2014 GSA Annual Meeting in Vancouver, British Columbia (19–22 October 2014)

Paper No. 68-6
Presentation Time: 2:25 PM

FLUVIAL-AEOLIAN COUPLING IN SIGNAL BUFFERING: THE ROLE OF THE THAR DESERT IN SEDIMENT FLUX TO THE INDIAN OCEAN


CLIFT, Peter D., Department of Geology and Geophysics, Louisiana State University, E235 Howe-Russell-Kniffen Geoscience Complex, Baton Rouge, LA 70803 and EAST, Amy E., U.S. Geological Survey, 400 Natural Bridges Drive, Santa Cruz, CA 95060

The Indus is the dominant river of SW Asia and its submarine fan can potentially be used to reconstruct the changing state of erosion in the western Himalaya and Karakoram. The composition of the river is known to change quickly during glacial cycles in response to changes in monsoon rainfall intensity. Recently budgets suggest that around half of all the sediment reaching the delta since the start of the Holocene is recycled from terraces, with mountain valleys being the primary source of buffering. However, the role of recycling through the Thar Desert has so far been ignored.

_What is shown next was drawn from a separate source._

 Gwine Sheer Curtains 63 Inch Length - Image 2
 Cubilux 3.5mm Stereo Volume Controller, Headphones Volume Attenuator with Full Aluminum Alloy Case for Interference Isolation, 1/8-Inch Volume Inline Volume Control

In the Indus flood plains fluvial and aeolian systems have exchanged sediment over large spatial scales (100s km) since at least 6 ka. Long distance recycling of Indus River sediment by summer monsoon wind northeastward into the Thar Desert is important enough that the desert shows dominantly lower Indus sediment provenance. Sediments in the Indus lower reaches and delta have had similar zircon U-Pb age populations, feldspar Pb isotope characteristics and Nd isotopic compositions as downwind Thar Desert sand since the mid-Holocene (<4 ka). On smaller spatial scales (1–10 m) there is also stratigraphic evidence of fluvial and aeolian sediment reworking from more local river sources. Summer monsoon winds recycle sediment from the Indus delta northeastward, i.e., upstream, back into the desert. Thus, since the Mid-Holocene, when the desert expanded and the river sediment load decreased because of a weakening summer monsoon, fluvial-aeolian recycling has become an important but little recognized process buffering sediment flux to the ocean. Similar fluvial-aeolian coupling likely also affects sedimentary signal transfer in other dryland regions globally.